Under Texas law, a spouse may be eligible for spousal maintenance if they can demonstrate that they lack sufficient property, including separate property, to provide for their minimum reasonable needs. Additionally, the spouse must meet one of the following eligibility criteria:
- The spouse seeking maintenance must have been married to the other spouse for at least ten years and lack the ability to earn sufficient income to provide for their minimum reasonable needs; or
- The spouse seeking maintenance must be unable to earn sufficient income due to a physical or mental disability; or
- The spouse seeking maintenance must be caring for a child of the marriage who requires substantial care and personal supervision because of a physical or mental disability, making it impossible for the spouse to work outside the home and provide for their minimum reasonable needs.
It is worth noting that the length of the marriage is a significant factor in determining eligibility for spousal maintenance. If the marriage lasted less than ten years, it is generally more challenging to qualify for spousal maintenance. However, there are exceptions to this rule, and a skilled family law attorney can help you determine your eligibility based on your specific circumstances.
How Much Alimony Can You Get?
Assuming that you meet the eligibility criteria, the amount and duration of spousal maintenance payments will depend on several factors. Texas law does not provide a specific formula for calculating spousal maintenance, so the court will consider various factors, including:
- The income and earning capacity of each spouse;
- The education and skills of each spouse;
- The length of the marriage;
- The age, employment history, and health of each spouse;
- The marital property division;
- The contributions of each spouse to the marriage, including both homemaking and earning contributions;
- The presence of domestic violence in the marriage; and
- Any other factor the court deems relevant.
If the court determines that you are eligible for spousal maintenance, they will determine the amount and duration of payments based on the above factors.
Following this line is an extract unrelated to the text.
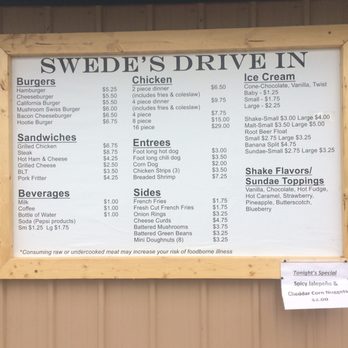 Swede's Drive In - Menu - Burgers Near Me - Danbury, Wisconsin Swede's Drive In - Menu - Burgers Near Me - Danbury, Wisconsin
In Texas, spousal maintenance is limited in duration depending on the length of the marriage and/or whether a spouse is disabled.
Spousal maintenance is also limited in amount to a maximum of twenty percent of gross income or $5,000 per month whichever is less. Texas law also provides that the judge shall award spousal maintenance for the least amount of time and the least amount of money that it would take the spouse to be able to meet their minimum reasonable needs.
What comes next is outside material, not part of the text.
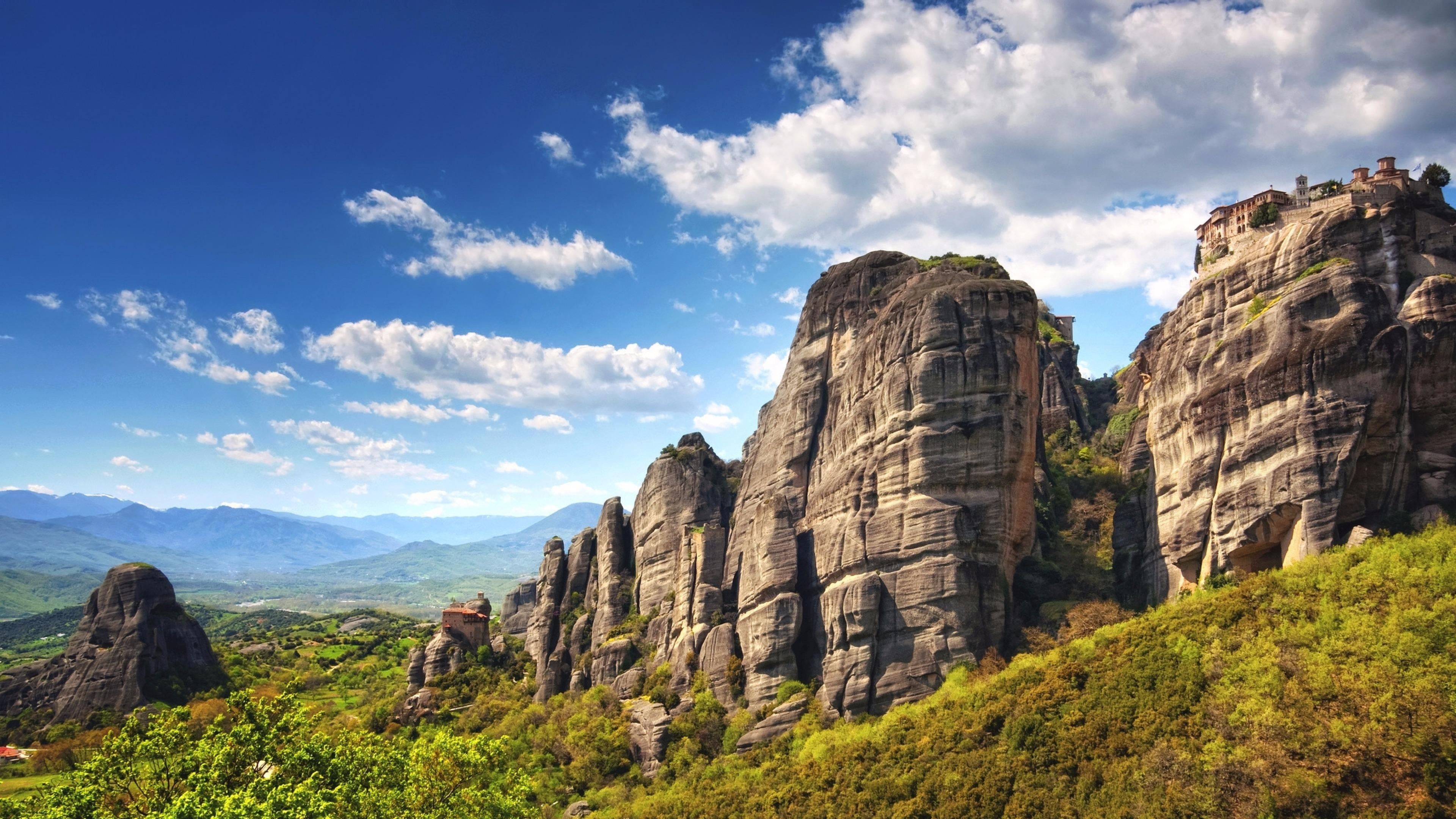cloud, tranquility, tree, environment, scenics - nature, solid, 4K, monastery, cliff, mountainous landforms, non-urban scene, greece, land, rock - object, HD Wallpaper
Can Alimony Payments Change?
It is important to note that spousal maintenance can be modified or terminated under certain circumstances. For example, if the spouse receiving maintenance remarries or cohabitates with another person in a romantic relationship, they may no longer be eligible for maintenance payments. Additionally, if the spouse’s income or earning capacity significantly improves, the court may modify or terminate the maintenance payments.
In conclusion, spousal maintenance is not automatic in Texas and depends on several factors, including the length of the marriage, the income and earning capacity of each spouse, and the presence of physical or mental disabilities. If you believe you may be eligible for spousal maintenance, it is essential to speak with a skilled family law attorney here at Lundberg Law who can help you navigate the complex legal process and ensure your rights are protected. Contact us today for a free consultation.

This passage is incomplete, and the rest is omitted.